Section 15.3. Using Simple Modules | Learning Perl, 5th Edition

15.3. Using Simple Modules

Suppose that you've got a long filename like /usr/local/bin/perl in your program, and you need to determine the basename. That's easy enough since the basename is everything after the last slash (in this case, perl):

     my $name = "/usr/local/bin/perl";     (my $basename = $name) =~ s#.*/##;  # Oops!

As you saw earlier, first Perl does the assignment inside the parentheses, and then it does the substitution. The substitution is supposed to replace any string ending with a slash (that is, the directory name portion) with an empty string, leaving the basename.

If you try this, it will seem to work. Well, it will seem to, but there are three problems.

First, a Unix file or directory name could contain a newline character. (It's not something that's likely to happen by accident, but it's permitted.) Since the regular expression dot (.) can't match a newline, a filename like the string "/home/fred/flintstone\n/brontosaurus" won't work right because that code will think the basename is "flintstone\n/brontosaurus". You could fix that with the /s option to the pattern (if you remembered about this subtle and infrequent case), making the substitution look like this: s#.*/##s. The second problem is this is Unix-specific. It assumes the forward slash will be the directory separator as it is on Unix and not the backslash or colon that some systems use.

The third (and biggest) problem with this is we're trying to solve a problem someone else has solved. Perl comes with a number of modules, which are smart extensions to Perl that add to its functionality. If those aren't enough, many other useful modules are available on CPAN, with new ones being added every week. You (or, better yet, your system administrator) can install them if you need their functionality.

In the rest of this section, we'll show you how to use the features of some of the modules that come with Perl. (There's more that these modules can do. This is just an overview to illustrate the general principles of how to use a module.)

We can't show you everything you'd need to know about using modules since you'd have to understand advanced topics like references and objects to use some modules.^[] Those topics, including how to create a module, will be covered in detail in the Alpaca. Further information on some interesting and useful modules is included in Appendix B.

] As well see in the next few pages, you may be able to use a module that uses objects and references without having to understand those advanced topics.

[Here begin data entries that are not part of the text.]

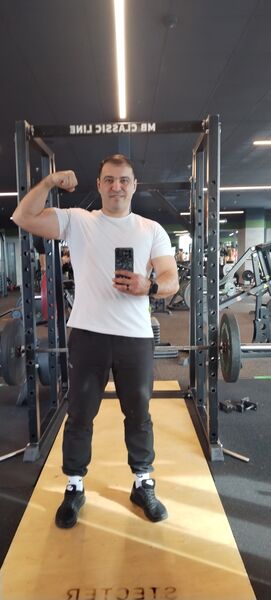 ,   Turab, 36 ,   ,   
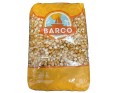 MAIS POP CORN SECHE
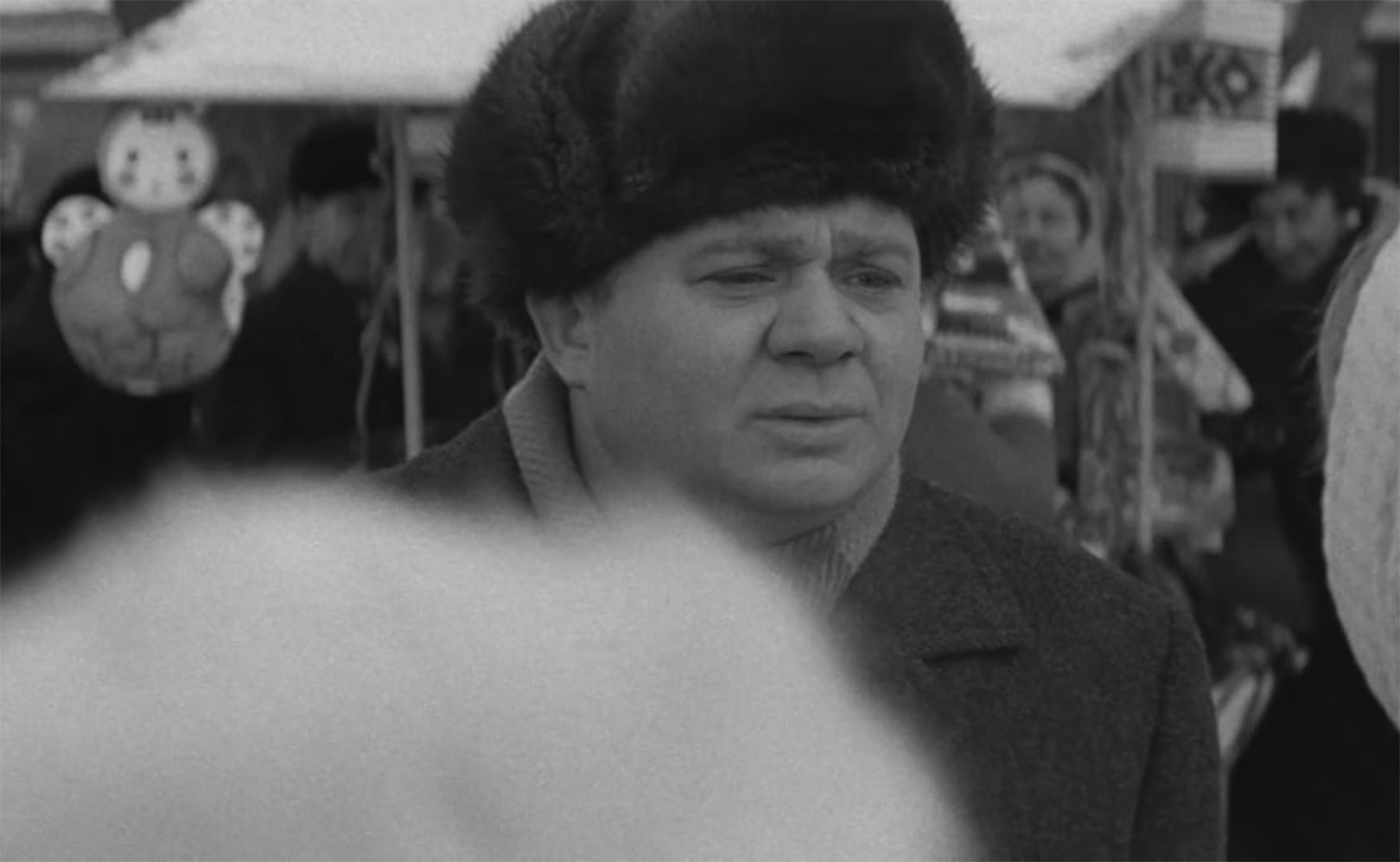 Зигзаг удачи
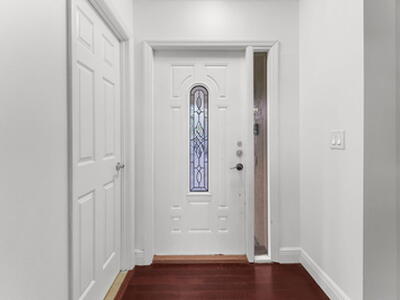 7621 Sierra Terrace W, Boca Raton, FL 33433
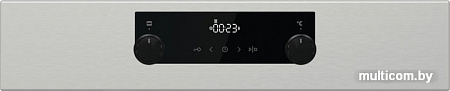 Электрический духовой шкаф Gorenje BO735E20X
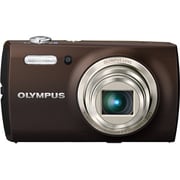 ヨドバシ.com - オリンパス OLYMPUS STYLUS VH-515 RED [ワインレッド] 通販【全品無料配達】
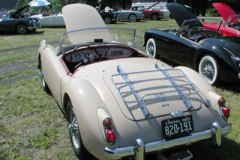 02Smith60GT33
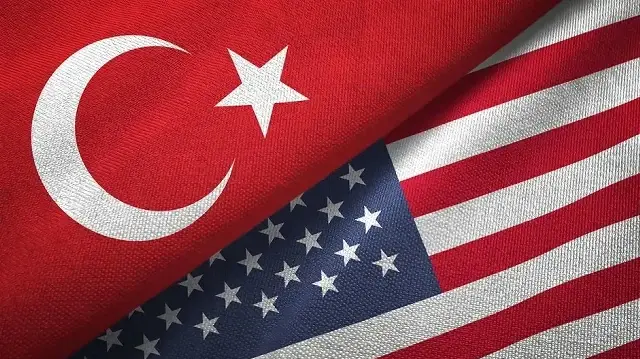 إسطنبول.. عقد "قمة الأعمال التركية-الأمريكية"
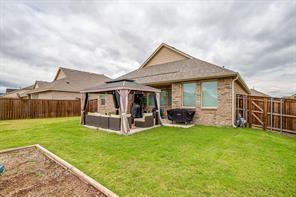 Building Photo - 3032 Riddler Wy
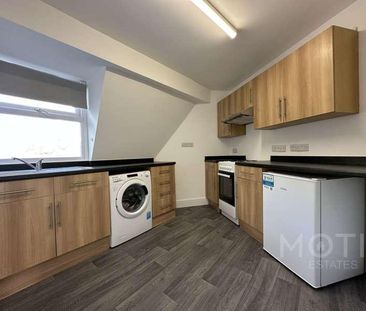 Cheriton Road, Folkestone, CT20 - Photo 3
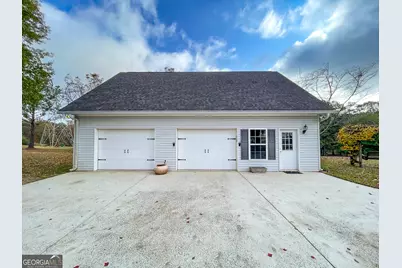2117 W Grantville Road, Grantville, GA 30220 - Photo 47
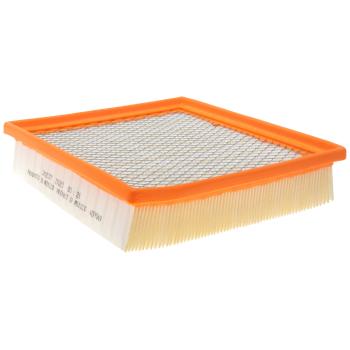 2020 Toyota Camry Air Filter Fram CA12377 image 1 of 4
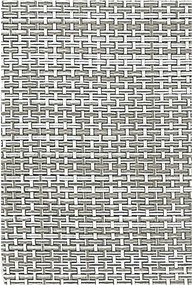 Textilene για Σκηνοθέτη Mixed Beige   1τμχ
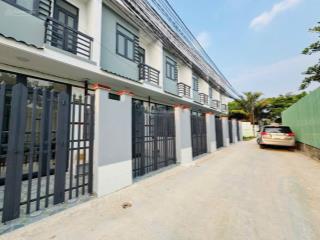 Cần bán nhà về quê ở 845triệu . 0767 310 ***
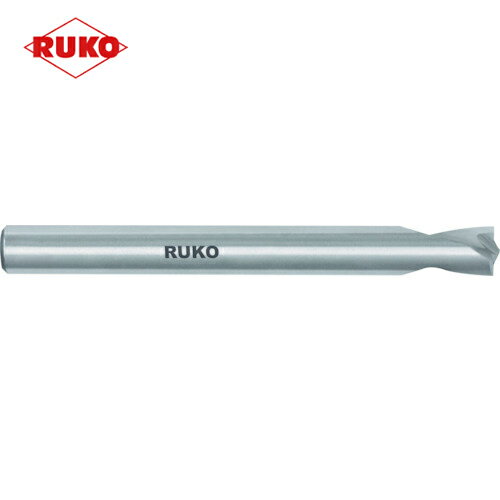 6/22 20:006/27 01:59 ݥ2 㤤ʪޥ饽 RUKO ݥåȥå Хȥϥ 6mm Ĺ硼ȥ (1) ֡101107-1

15.3.1. The File::Basename Module

In the previous example, we found the basename of a filename in a way that's not portable. We showed that something that seemed straightforward was susceptible to subtle, mistaken assumptions. (The assumption was that newlines would never appear in file or directory names.) And we were re-inventing the wheel, solving a problem that others have solved (and debugged) many times before us.

Here's a better way to extract the basename of a filename. Perl comes with a module called File::Basename. With the command perldoc File::Basename, or with your system's documentation system, you can read about what it does, which is the first step when using a new module. (It's often the third and fifth step, as well.)

When you're ready to use it, declare it with a use directive near the top of your program:^[*]

^[*] It's traditional to declare modules near the top of the file since that makes it easy for the maintenance programmer to see which modules you'll be using. That greatly simplifies matters when it's time to install your program on a new machine, for example.

     use File::Basename;

During compilation, Perl sees that line and loads up the module. Now it's as if Perl has some new functions you can use in the remainder of your program.^[] The one we wanted in the earlier example is the basename function:

] You guessed it: theres more to the story, having to do with packages and fully qualified names. When your programs are growing beyond a few hundred lines in the main program (not counting code in modules), which is quite large in Perl, you should probably investigate these advanced features. Start with the perlmod manpage.

     my $name = "/usr/local/bin/perl";     my $basename = basename $name;  # gives 'perl'

Well, that worked for Unix. What if our program were running on MacPerl, Windows, or VMS, to name a few? There's no problem because this module can tell which kind of machine you're using, and it uses that machine's filename rules by default. (In that case, you'd have that machine's kind of filename string in $name, in that case.)

This module provides other related functions. One is the dirname function, which pulls the directory name from a full filename. The module also lets you separate a filename from its extension or change the default set of filename rules.^[]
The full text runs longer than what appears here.